Kabarnusa24.com,-
Assalamu’alaikum wr wb. Mohon izin bertanya. Bagaimana hukumnya tidak shalat saat melakukan demonstrasi? (Nailazzulfa)
Jawaban:
Wa’alaikumussalam wr wb. Kami sampaikan terima kasih atas pertanyaannya.
Shalat merupakan kewajiban bagi setiap muslim. Hukum meningglakan shalat dalam keadaan apapun, termasuk saat melakukan demonstrasi tentu saja tidak diperbolehkan.
Kewajiban shalat tetap harus dilakukan, bahkan saat kondisi genting dan mencekam, seperti shalat saat terjadi kebakaran, kebanjiran, dan kondisi darurat lainnya.
Karena itu, Islam mensyariatkan shalat syiddatul khauf (shalat saat merasa sangat ketakutan), yang mana dalam praktiknya, shalat dapat dilakukan sambil lari untuk menghindari bahaya.
Demonstrasi atau unjuk rasa merupakan bentuk penyampaian pendapat yang dilakukan oleh sekelompok orang di muka umum yang dijamin oleh konstitusi pada pasal 28 UUD 1945, kemudian diatur dalam UU Nomor 9 Tahun 1998 tentang Kemerdekaan Menyampaikan Pendapat di Muka Umum.
Dalam fiqih siyasah Syekh Wahbah Az-Zuhaili mengatakan, setiap manusia memiliki hak dan kebebasan dalam bernegara. Rakyat berhak menyampaikan pendapatnya selama hal itu disampaikan sesuai dengan batas-batas syariah dan moral.

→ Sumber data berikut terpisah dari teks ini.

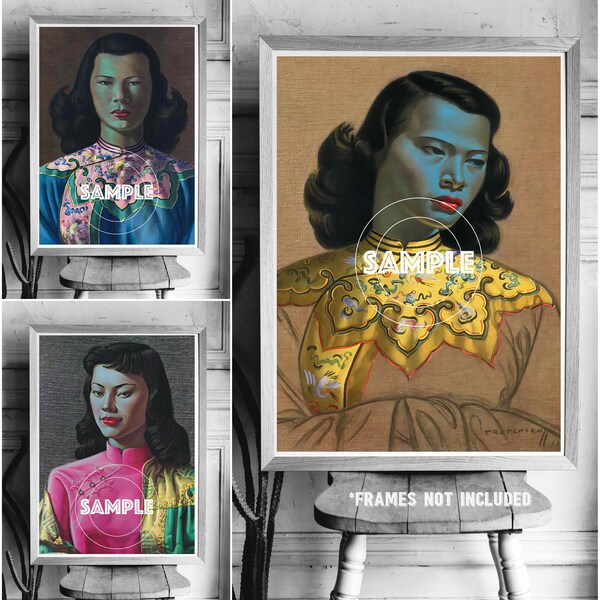 VLADIMIR TRETCHIKOFF Impressions d’art Célèbres peintures kitsch Ensemble de 3 reproductions d’impressions d’art mates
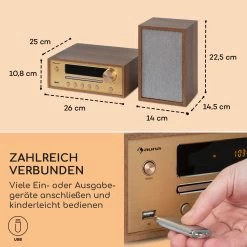 Berklee HiFi Stereo System BT Stereo-Lautsprecher UKW MP3 USB Line-In -Küchengeräte Verkäufe 10040456 de 0006 usp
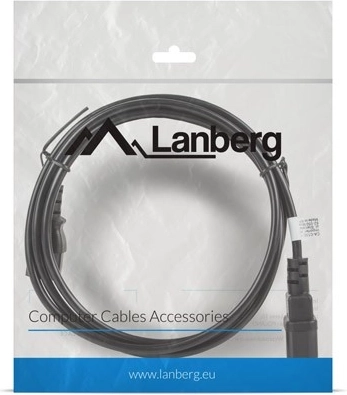 LANBERG Stromverlängerungskabel IEC C13–C14, 1,8 m, schwarz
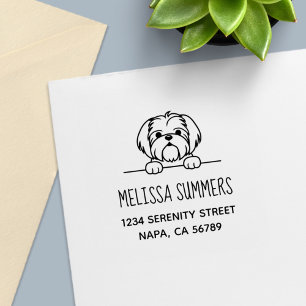 Schattig klein hondje shih tzu adres  zelfinktende stempel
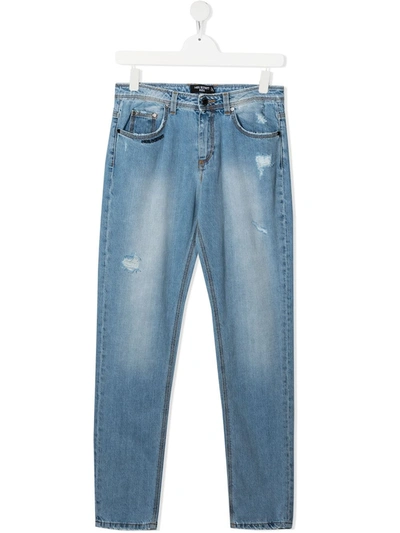 Neil Barrett Kids' Straight-leg Distressed Jeans In Blue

Mereka juga berhak menyerukan kebaikan dan melaksanakan amar ma’ruf nahi munkar, baik secara individu maupun berkelompok dalam aksi demonstrasi demi melindungi kemaslahatan bersama.

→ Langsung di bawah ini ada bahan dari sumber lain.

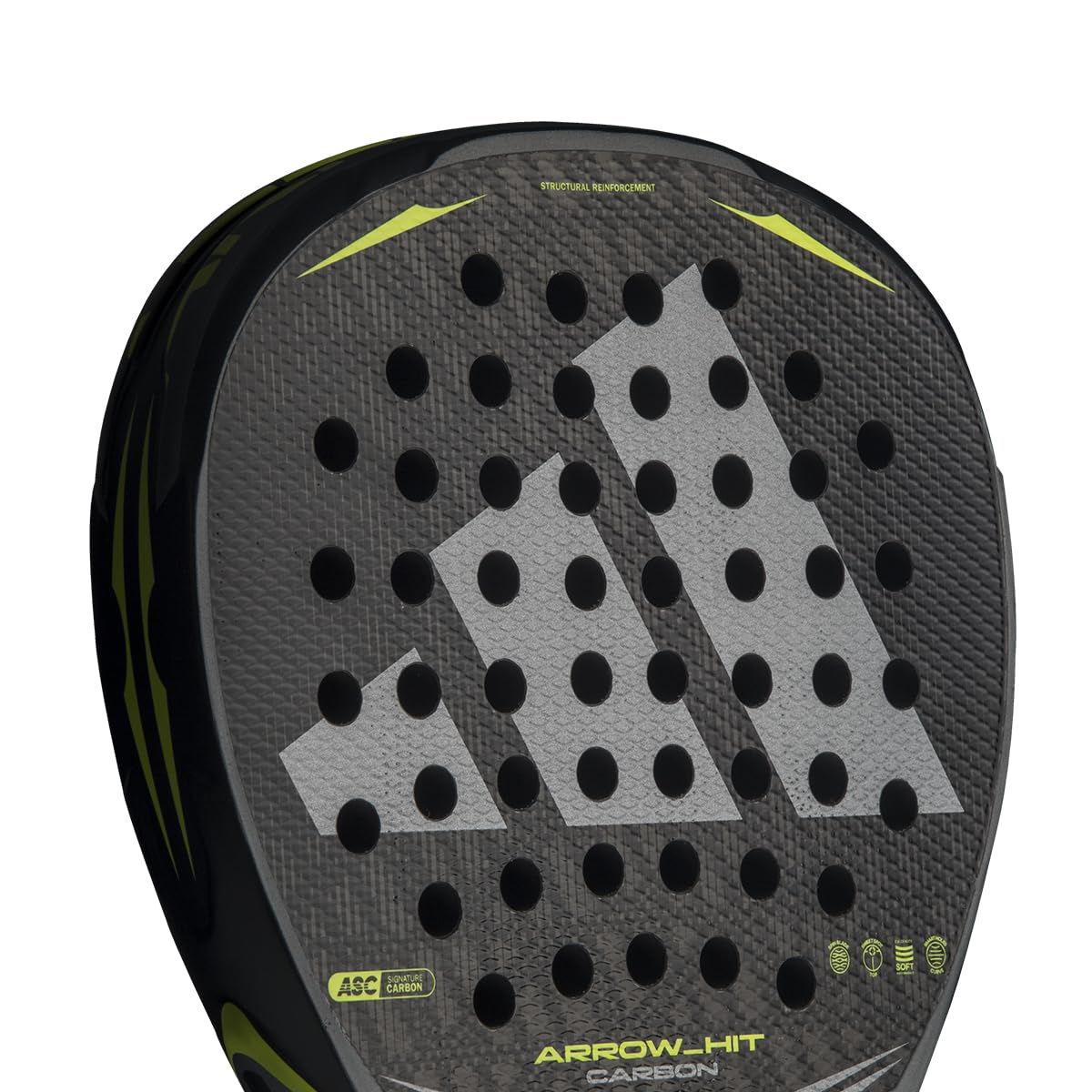 adidas Arrow Hit Carbon - Racchetta da paddle unisex, 368 g, colore: Nero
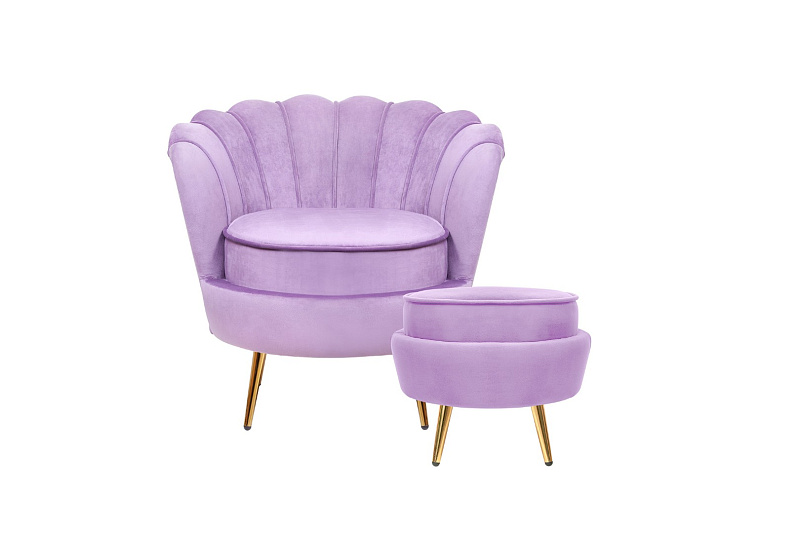 Кресло с пуфом ракушка Pearl Purple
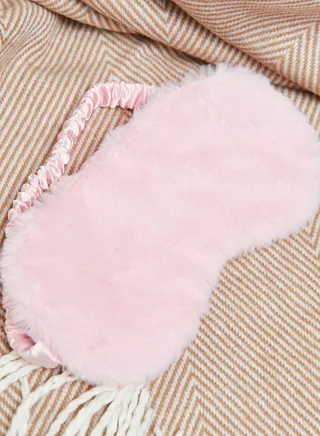 Pink Faux Fur Eye Mask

اَلْحُقُوْقُ السِّيَاسِيَّةُ – اَلْمَادَةُ الْخَامِسَةُ أ ـ حُرِّيَّةُ الرَّأْيِ وَالتَّعْبِيْرِ عَنْهُ بِالْوَسَائِلِ الْمَشْرُوْعَةِ مَصُوْنَةٌ وَلِكُلِّ إِنْسَانٍ حَقُّ مُمَارَسَتِهَا فَي حُدُوْدِ مَبَادِئَ الشَّرِيْعَةِ وَقِيَمِ الْأَخْلَاقِ ب ـ لِكُلِّ إِنْسَانٍ الْحَقُّ فِي الدَّعْوَةِ بِالحِكْمَةِ إِلَى الْخَيْرَ وَالْأَمْرِ بِالْمَعْرُوْفِ وَالنَّهْيِ عَنِ الْمُنْكَرِ وَلَهُ أَنْ يَشْتَرِكَ مَعَ غَيْرِهِ مِنَ الْأَفْرَادِ وَالْجَمَاعَاتِ فِي مُمَارَسَةِ هَذَا الْحَقِّ وَالدِّفَاعِ عَنْهُ لِصَالِحِ الْمُجْتَمَعِ وَخَيْرِهِ
Artinya, “Hak politik, Pasal Lima:
a. Kebebasan berpendapat dan berekspresi dengan cara yang sah dilindungi, dan setiap orang mempunyai hak untuk melaksanakannya dalam batas-batas prinsip-prinsip Syariah dan nilai-nilai moral.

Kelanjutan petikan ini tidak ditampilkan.